Auch die Tendenzwende hat kein Datum. Nahezu unmerklich geht in den frühen siebziger Jahren die Phase der mobilisierenden Integration vielfältiger Strömungen in die Phase der demobilisierenden Diffusion über. Aus dem attraktiven Miteinander wird ein abstoßendes Gegeneinander von Revisionisten, Maoisten, Trotzkisten, Anarchisten oder wieder mit der SPD liebäugelnden Sozialisten. Zunehmend spaltet die Organisations- und die Gewaltfrage die Neue Linke. Die Morde der RAF, das blutige Spiel "sechs gegen sechzig Millionen": Indem der Staat diese Feinderklärung annimmt und die akademischen und kulturellen Milieus mit dem Sympathisantenverdacht überzieht, verlangt er eine rituelle Distanzierung von jeglicher Gewalt. Viele können nun in die Nähe des Terrorismus gerückt werden. Abschreckend sollen zudem die Berufsverbote wirken. Damit steigen die Risiken zivilen Ungehorsams. Zugleich werden "Reintegrationsangebote" genutzt: parteipolitisches Engagement im linken der Flügel der SPD oder bei den Grünen; Aktivitäten in Friedens-, Antiatom-, Öko- und Stadtteilinitiativen; "Selbstverwirklichung" in einer bunt-kleinteiligen Alternativwirtschaft der Ökobauern, Bioläden und Umzugsklitschen. Also dann statt Universalkritik zunehmend Partialkritik, Häutungen der Kader zu kritischen Ökos, interventionsbereiten Menschenrechtlern, Neutralisierung in gepolsterten Milieus.

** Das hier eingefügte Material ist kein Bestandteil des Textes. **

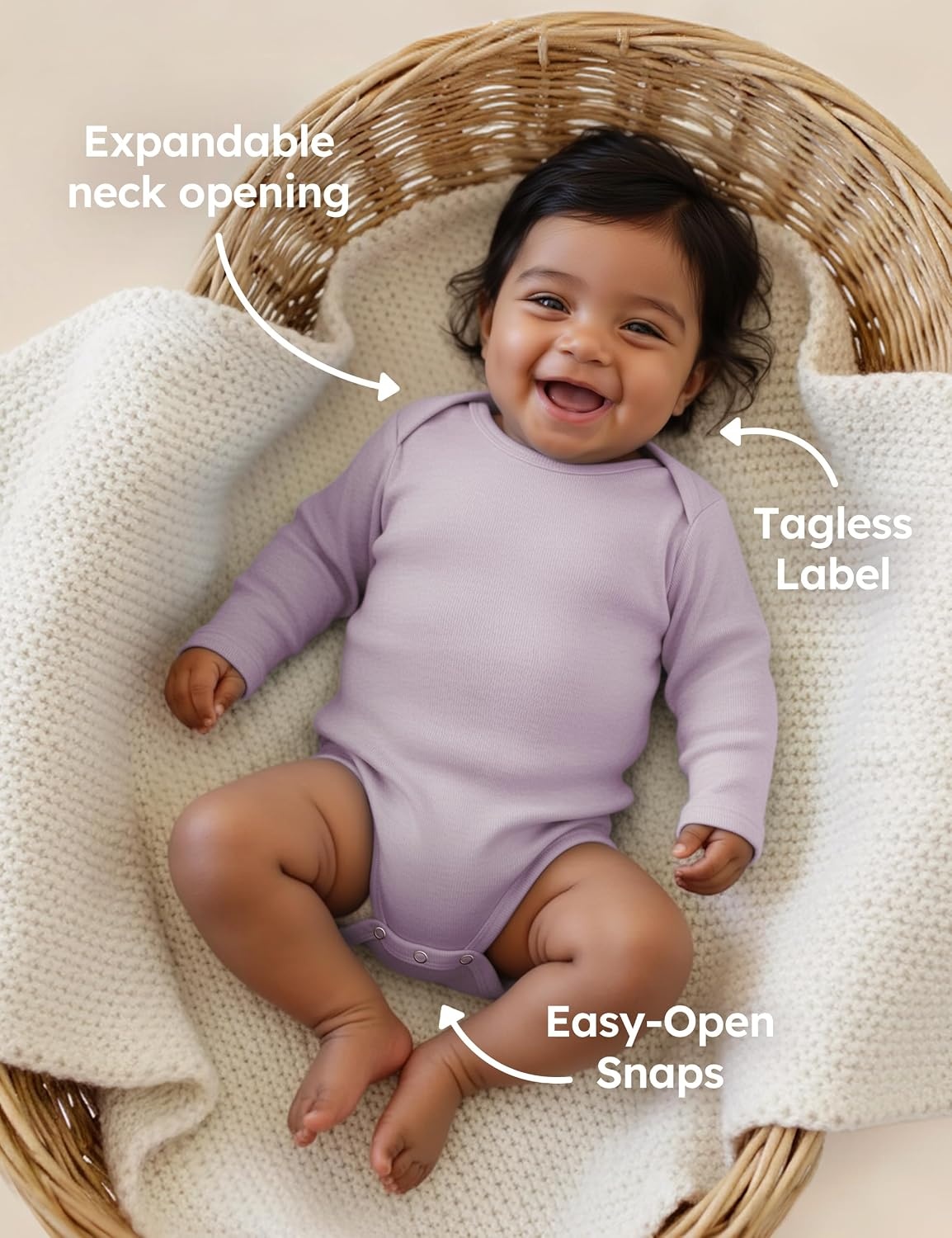 image:imageYoofoss Baby Bodysuits 100 Organic Cotton Long Sleeve for Boy Girl 3 PackPinkPurple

Eine Generation dankt nicht dann ab, wenn ihre Antworten widerlegt, sondern diese als unwichtig erachtet werden" (Günther Anders). Wie wichtig 68 ist, belegen die Deutungskämpfe. Aber eine neue Studentenbewegung ist nicht in Sicht. Gewiss, die Zumutungen und Konflikte haben zugenommen. Aber sie werden heute durch Mitmach- und Einigkeitsdiskurse geschickter gemanagt. Für die Selbstverwirklichung soll der Markt zuständig sein. Die Autoritäten sind durch Sachzwänge ersetzt, die Übel der Welt werden moralisierend verarbeitet.

Über die Fehler der 68er, über ihren Ableitungsmarxismus, ihre Wirklichkeitsverluste, ihre Gewalt- und Machtphantasien, will uns der Medienapparat belehren. Damit kann man deren Langzeitwirkung freilich nicht erklären. Wer heute die Welt politisch verändern will, tut dies in einer durch die "Vollzugsbeamten der Modernisierung" veränderten Welt. Und wer in diesen Folgen keinen Erfolg sieht und gar eine andere Welt will, der braucht das, was die Protestbewegung auszeichnete: den Reichtum der Vorstellungsmacht, den langen Atem einer theoriegeleiteten Gesellschaftskritik und eine phantasievolle Widerständigkeit. So gesehen kann 68 für eine sich re-formierende Linke als Lehrstück wirken, von dem man weiß, das - was es darstellt - Vergangenheit ist.

 

Prof. Georg Bollenbeck lehrt Germanistik und Kulturwissenschaften an der Universität Siegen.